La lune est sortie des nuages. Andréïtch fait son inspection jusqu’au pont, marche de traverse en traverse, « comme une grue » ronchonne là-bas un ouvrier – «  et si quelque chose ne va pas, c’est nous qui devons réparer… » . Le garde-voie va jusqu’au pont, fait la liaison avec son collègue.  Mais en revenant, il aperçoit, non loin des rails, deux têtes. Qui peut s’approcher ainsi, en pleine nuit ? Il a un peu peur – le couteau est vite sorti à cette heure. Il interpelle - c’est un tout jeune et un vieux. Il s’aperçoit que le jeune a peur et que le  vieux est assez faible. Que faites-vous ici ? voir la voiture ?  ou dévisser un écrou ?  Il n’est pas commode. Il finit par les pousser devant lui, jusqu’aux ouvriers en leur demandant de bien les surveiller (non il ne pouvait  les laisser  dans la maisonnette – s’ils égorgeaient la femme). Puis équipé d’une lanterne,  il va voir à nouveau si il n’y en a pas d’autres, si tout est en ordre. Seul un levreau filera devant lui.

 

Les ouvriers sont intrigués. Les deux hommes sont des « skitnik », c’est à dire des vieux-croyants vivant dans les monastères. Le vieux, tout parcheminé, se réchauffe… il est loin, perdu dans ses pensées… Enfin il se met à parler.

« Nous sommes venus de loin, dit-il, Aliocha et moi. Nous avons voulu voir le pouvoir de la dernière bête, comment elle « respire » le feu. Pourquoi se dépécher ainsi ? – mais  petit oncle, lui répond t-on, les affaires – avec cela,  ça ira plus vite, ce sera meilleur marché ! ce qui ne put convaincre le vieux croyant qui  expliqua que les affaires, il y en a toujours eu, et elles s’accumuleront…  tous se dépécheront un peu plus… oui .. on a attelé le feu au char…. Et le feu dévorera chacun de ceux qui se dépèchent.

 

Les ouvriers impressionnés, écoutaient avec intérêt  et respect ce vieillard qui, dans le bois de Dieu, s’était mis à prier.

 

Puis le cor du gardien retentit. Tous se sont secoués. Le train arrivait. Il y eut d’abord un point clair qui s’est élargi puis des rayons de lumière vive. De la cheminée s’échappait une fumée noire  et des gerbes d’étincelles. Trois feux étaient visibles maintenant : en haut le jaune, et sur les côtés,  les vert et rouge.
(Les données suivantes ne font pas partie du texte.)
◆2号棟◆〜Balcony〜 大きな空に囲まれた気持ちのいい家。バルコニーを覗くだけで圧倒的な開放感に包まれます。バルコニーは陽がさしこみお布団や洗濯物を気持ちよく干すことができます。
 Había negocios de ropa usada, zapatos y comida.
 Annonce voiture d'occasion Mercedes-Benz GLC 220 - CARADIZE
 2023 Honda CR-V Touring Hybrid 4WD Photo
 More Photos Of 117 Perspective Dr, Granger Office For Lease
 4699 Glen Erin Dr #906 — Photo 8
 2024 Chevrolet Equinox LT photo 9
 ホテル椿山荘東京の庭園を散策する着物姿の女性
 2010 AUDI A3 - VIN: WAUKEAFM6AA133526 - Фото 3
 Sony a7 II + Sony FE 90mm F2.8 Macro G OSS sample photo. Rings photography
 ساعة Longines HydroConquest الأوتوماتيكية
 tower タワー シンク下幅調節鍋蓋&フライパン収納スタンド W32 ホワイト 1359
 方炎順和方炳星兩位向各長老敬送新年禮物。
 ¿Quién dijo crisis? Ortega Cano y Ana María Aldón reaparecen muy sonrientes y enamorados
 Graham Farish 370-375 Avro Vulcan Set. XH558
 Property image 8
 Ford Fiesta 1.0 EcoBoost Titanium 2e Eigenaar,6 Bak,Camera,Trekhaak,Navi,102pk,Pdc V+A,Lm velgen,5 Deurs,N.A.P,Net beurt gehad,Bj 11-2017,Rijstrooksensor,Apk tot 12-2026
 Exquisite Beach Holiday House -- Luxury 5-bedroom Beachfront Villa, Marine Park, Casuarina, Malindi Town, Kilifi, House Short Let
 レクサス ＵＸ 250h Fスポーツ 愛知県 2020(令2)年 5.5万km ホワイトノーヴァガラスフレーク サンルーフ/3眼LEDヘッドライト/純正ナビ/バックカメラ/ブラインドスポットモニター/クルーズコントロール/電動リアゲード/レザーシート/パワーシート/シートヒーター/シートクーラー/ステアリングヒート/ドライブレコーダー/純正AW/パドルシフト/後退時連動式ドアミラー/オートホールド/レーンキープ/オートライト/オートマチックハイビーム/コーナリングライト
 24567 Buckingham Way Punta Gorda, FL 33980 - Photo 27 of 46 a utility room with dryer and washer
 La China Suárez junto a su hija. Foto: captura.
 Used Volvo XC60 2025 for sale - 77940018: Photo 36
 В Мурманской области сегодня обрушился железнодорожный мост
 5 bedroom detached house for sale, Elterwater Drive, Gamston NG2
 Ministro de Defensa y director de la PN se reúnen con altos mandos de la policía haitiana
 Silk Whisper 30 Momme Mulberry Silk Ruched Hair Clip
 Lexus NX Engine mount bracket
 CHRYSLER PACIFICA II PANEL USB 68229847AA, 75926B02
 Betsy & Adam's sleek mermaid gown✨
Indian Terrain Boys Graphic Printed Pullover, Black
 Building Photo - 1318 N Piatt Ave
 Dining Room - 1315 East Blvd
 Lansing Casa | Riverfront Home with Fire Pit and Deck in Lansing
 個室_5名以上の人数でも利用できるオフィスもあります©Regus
La terre grondait et gémissait.. le train est passé en coup de vent avec un nuage de vapeur blanche. Par les fenêtres éclairées des wagons on percevaient des figures humaines.`

 

Les vieux croyants se sont signés et ont reculé. Puis le plus vieux a chuchoté : « maintenant, il faut aller, Aliocha… »

 

Leurs traces étaient déjà froides quand le chef est revenu. Il disputa longtemps et violemment les ouvriers.